During the first year, the Department created new mission and vision statements and a Steering Team was formed. This Steering Team developed a Program Plan and selected business processes were modeled to determine an approximate productivity opportunity.
A second team was formed to communicate the program throughout the utility and to other stakeholders. The Communication Team developed a Communication Plan and began publishing a monthly newsletter for all internally and externally interested parties. Other communication tools, including face-to-face sessions with all staff, have also been used regularly.

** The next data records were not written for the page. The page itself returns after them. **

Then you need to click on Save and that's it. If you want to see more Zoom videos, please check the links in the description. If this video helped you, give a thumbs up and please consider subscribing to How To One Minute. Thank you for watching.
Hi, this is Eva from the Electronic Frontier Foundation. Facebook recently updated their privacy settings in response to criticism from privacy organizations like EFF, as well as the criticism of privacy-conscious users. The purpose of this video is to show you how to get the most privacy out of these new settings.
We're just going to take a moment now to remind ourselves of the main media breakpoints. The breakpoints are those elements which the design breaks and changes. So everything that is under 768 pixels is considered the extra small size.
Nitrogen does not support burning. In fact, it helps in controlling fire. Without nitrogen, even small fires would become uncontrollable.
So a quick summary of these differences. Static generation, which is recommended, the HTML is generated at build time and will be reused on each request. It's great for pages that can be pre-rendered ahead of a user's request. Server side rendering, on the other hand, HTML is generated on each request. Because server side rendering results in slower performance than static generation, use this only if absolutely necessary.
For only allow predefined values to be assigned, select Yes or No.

A third team was created to address technology needs to support the optimization. This Technology Team drafted a Technology Plan for later use as the framework for a process to identify, prioritize, and implement technology tools. A Leadership Training Program was designed with the needs of a changing organization in mind. And, finally, a pilot program was designed to allow Department staff to try out new work practices and organization models.
The second year saw the beginning of the leadership program. Team training was initiated for all staff volunteering for pilots and other teams. The first pilot was completed and a second pilot was designed to continue learning new ways of working. The completion of the first pilot saw the payment of the first of three performance bonuses. This bonus amounted to over 659 per person for every person at the plant from frontline workers to the plant manager. Everyone received the same bonus amount.

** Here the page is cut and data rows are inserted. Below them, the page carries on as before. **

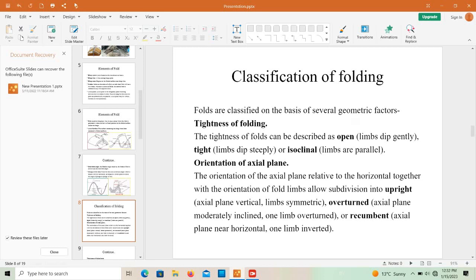The second classification criterion is the orientation of the axial plane. The orientation of the axial plane, together with the orientation of fold limbs, allows subdivision into upright folds, overturned folds, and recumbent folds. In upright folds the axial plane is vertical and limbs are symmetric; in overturned folds the axial plane is moderately inclined and one limb is overturned; in recumbent folds the axial plane is near horizontal and one limb is inverted.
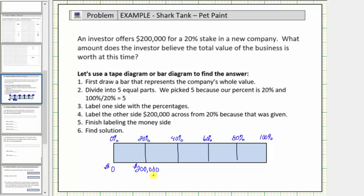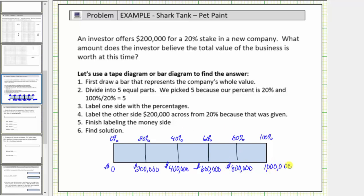Counting by $200,000: 40% would be $400,000, 60% is $600,000, 80% is $800,000, and finally 100% is $1,000,000. Now we have the information we need to answer the question. The investor believes the full value of the company is $1,000,000. Let's write this as a sentence.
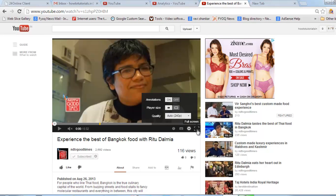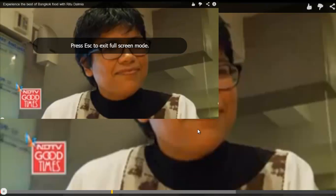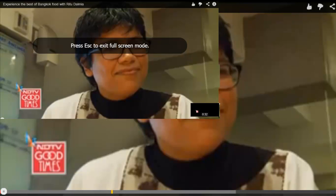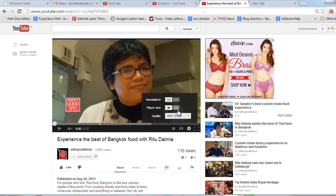You can also increase to the full size, as you can see here. This is a new feature that has been added by YouTube recently. Hope you enjoy it.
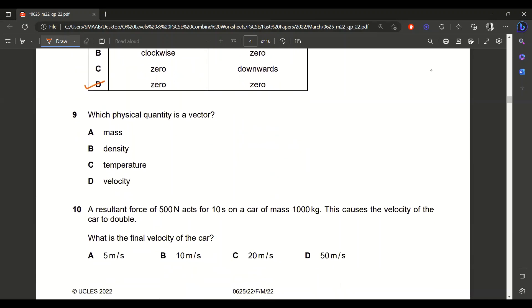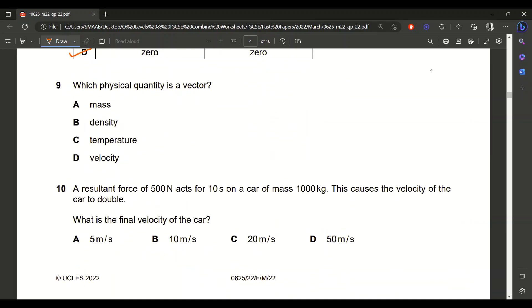Question 9: the answer is D. Velocity is a vector quantity.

Meanwhile, several technology initiatives from the Technology Plan were started and some were completed in the same year. Another team began looking at current job descriptions and pay scales in support of workforce flexibility/skill-based compensation (WFF/SBC). The WFF/SBC Team designed new job descriptions based on what was learned from the pilots. The pilots also provided staff with the first opportunity to cross-train into new job skills.
Within the pilot areas, the ratio of planned maintenance to reactive maintenance improved to 80 ercent and 20 percent, respectively. This was due in large part to the implementation of a 30- day work plan for pilot area staff and the development of a maintenance standard operating procedure. Finally, the second year of the program saw the start of negotiations of Service Level Agreements (SLAs) between WWD and several supporting city departments including Fleet Maintenance and MIS.

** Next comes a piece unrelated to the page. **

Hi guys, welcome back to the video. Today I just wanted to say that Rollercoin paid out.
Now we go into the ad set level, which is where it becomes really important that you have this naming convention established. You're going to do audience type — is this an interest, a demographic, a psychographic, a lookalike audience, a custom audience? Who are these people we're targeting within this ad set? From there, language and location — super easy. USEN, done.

The second year also saw the start of a similar program in the Collection and Stormwater divisions of the Department. These divisions followed the same process laid out above including the formation of a Steering Team, process modeling, and pilot design.
During the third year a Transition Team was formed and a Transition Plan developed to help the organization move from old structures, work habits, and practices to new organization strategies, streamlined work practices, and technology enablers. A new organization model was developed. The second and third (last) pilots were completed and additional bonuses were paid out for a total bonus package of over 1,400.00 during a 12- month period. Leadership Training was also completed as was Team Training. Technology Plan initiatives became technology specifications and SLAs were completed and put in place. Better pay scales were approved and a Training & Certification Program was designed for implementation during the fourth and final year of the Optimization Program.
Meanwhile, the Collection and Stormwater divisions started their combined pilot and began the process of designing new job descriptions and pay scales as well as a training and certification program for their future multi-skilled workforce.
Also, year three saw the start of an optimization effort for the remaining divisions of the Department – Engineering and Administration. These “support” divisions, too, are following a similar process to the “operating” divisions and early indications are that they will see marked improvement opportunities as well.
Many hurdles are ahead for these teams. However, the WWD is confident that the strength of working in teams and keeping focused will enable them to continue the successful conversion to becoming a world-class competitive utility.